Changing from academic writing, as I wrote last week, involved picking the best, the most interesting parts of experiences, places, etc. and bringing them to the front. I've had to learn to turn amorphous experiences into stories, especially in the case of travel writing.

Another big part of changing my writing has been to carry out the similar changes at the level of sentence structure. In academic writing and writing for my classes, I was accustomed to writing long, Thoreau-esque sentences. Perhaps I think in longer sentences; whatever the reason, it's been hard to streamline my sentences.

I remember being slightly disappointed in my first and only journalism class, back at East Lansing High School, where I learned that newspaper writing was basic, to-the-point, no frills, or, in other words, aimed at a third grader. Of course, not all newspaper writing is like this. Students studying for the vocab portions of the GRE are often encouraged to read The New York Times.

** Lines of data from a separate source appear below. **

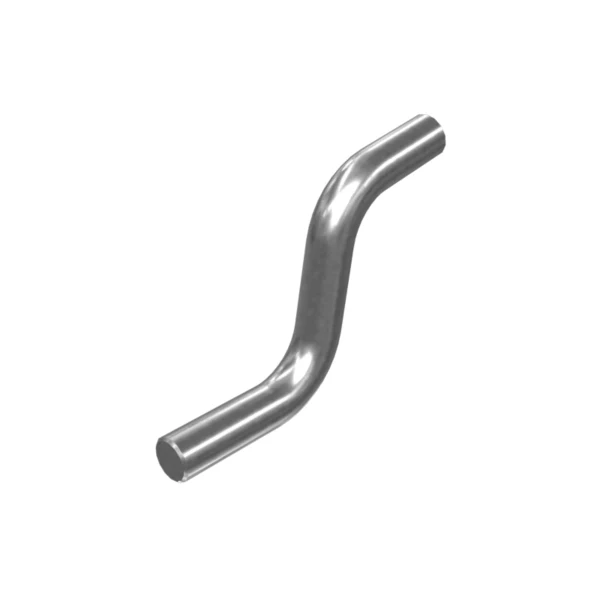 Biela Caterpillar 114-3940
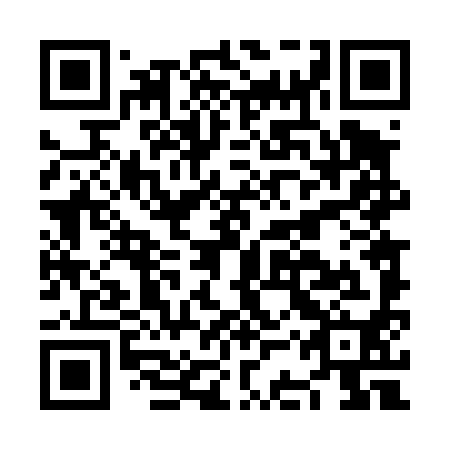 QR code for NCT 490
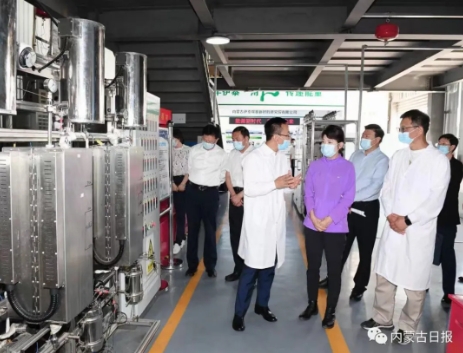 半岛网页版登录入口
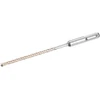Stanley FatMax sds-plus ketelu furoszar 5 x 160 mm_0 Kép: Stanley FatMax sds-plus ketelu furoszar 5 x 160 mm_0.webp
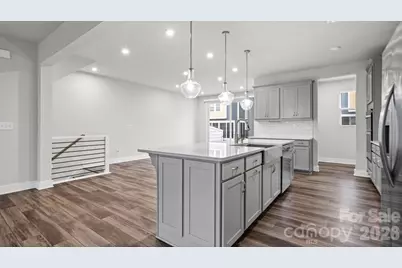1629 Unison Drive, Charlotte, NC 28262 - Photo 15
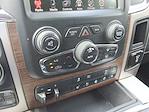 2017 Ram 1500 Crew Cab 4WD Pickup for sale #T267019C - photo 33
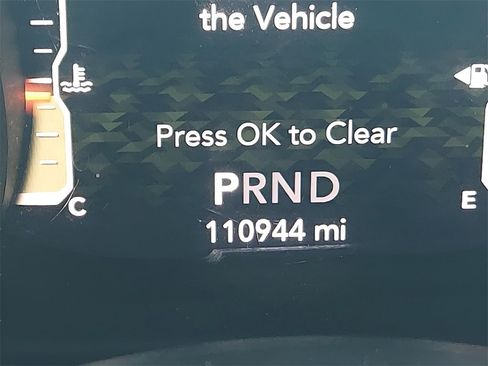 Used 2018 Jeep Wrangler Unlimited Sahara image 20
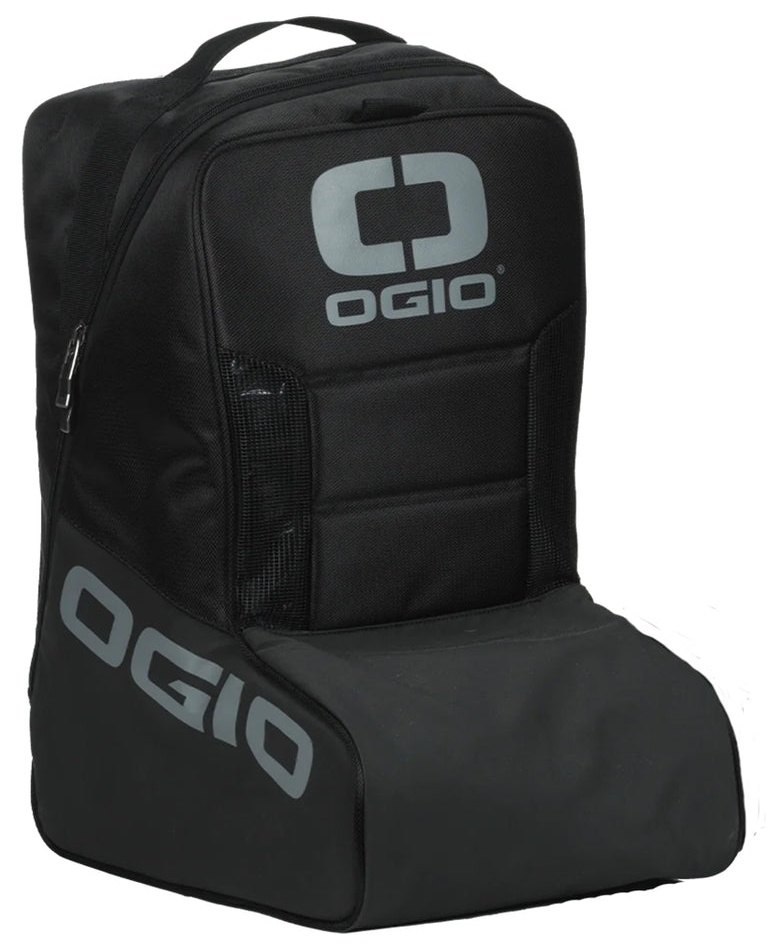 楽天市場】ogio キャリーケース(車用品・バイク用品)の通販 楽天市場】ogio キャリーケース(車用品・バイク用品)の通販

Yet the majority of writing is meant to be simple and understandable. And it's not necessarily a bad thing. A major goal of a newswriter should be to communicate information effectively and clearly.

Even after paying attention to this problem with my writing, the second piece of feedback I got from the editor who looked over my first story draft told me clearly: you need to cut down on the long sentences. They're confusing.

So I've been trying to limit the number of dependent clauses and make sure my dog could follow my work. At least my audience is widening.